Purpose: : Non-linear optical, femtosecond laser-induced, two photon excitation provides for activation of photosensitizers within femtoliter volumes, thus allowing for precise control of photoactivated tissue reactions. The purpose of this study was to determine if NLO based excitation of riboflavin could induce crosslinking (CXL) and mechanical stiffening of collagen hydrogels.

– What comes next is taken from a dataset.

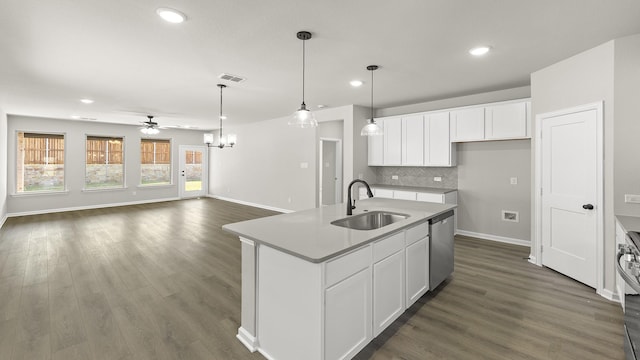 kitchen featuring baseboards, recessed lighting, visible vents, stainless steel appliances, and a sink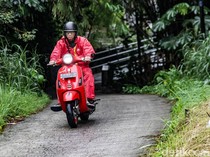 Menyusuri Jalan Tembus yang Sempit dan Licin di Perbatasan Bogor-Depok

Methods: : Six compressed collagen hydrogels composed of rat-tail collagen type-1, averaging 179.33 + 73.2 μm in thickness, were divided into two groups (3 gels each), NLO (group 1) and conventional UVA crosslinking (group 2). NLO CXL of riboflavin soaked (0.5% w/v in PBS) hydrogels was performed by focusing 87 mW, 760 nm femtosecond laser light into the gels using a Zeiss 510 Meta CLSM and a 20x Zeiss Apochromat objective lens (NA=0.75). Gels were then scanned over a 5.2 mm x 5.2 mm area through the gel thickness at 2 um steps. Conventional CXL was achieved by irradiating a similar area with 3mW/cm², 370 nm UVA light for 30 min. Mechanical stiffness was determined by measuring the indentation force through 1 mm displacement at 20 µm/sec velocity using a 250 μm diameter, round tip probe fixed to a force transducer after preloading. Hydrogel thickness was measured using second harmonic generation imaging. Hydrogel thickness and stiffness was measured at baseline and after crosslinking. Indentation modulus, E, was calculated using the following equation,E = f(v)³ a² P / (d³h), f(v) ≈ 1.049 - 0.146v - 0.158v²E: indentation modulus, d: indentation displacement, v: 0.5 (Poisson’s ratio), a: radius of window holding gel, h: gel thickness, P: indenting force

Results: : Mechanical stiffness of hydrogels before CXL averaged 0.45 (± 0.14) MPa. Following CXL there was a 3.35 (± 1.80) fold increase using NLO and a 4.38 (± 4.61) fold increase using UVA CXL. There was no difference between NLO and UVA CXL.

Conclusions: : This is the first study to demonstrate that non-linear optical photodynamic therapy (NLO-PT) can be used to increase the mechanical stiffness of collagen hydrogels through crosslinking. Translation of this technology to the cornea may provide for a more precise, safe and effective therapeutic strategy for treating Keratoconus and other ectatic disorders compared to conventional UVA crosslinking.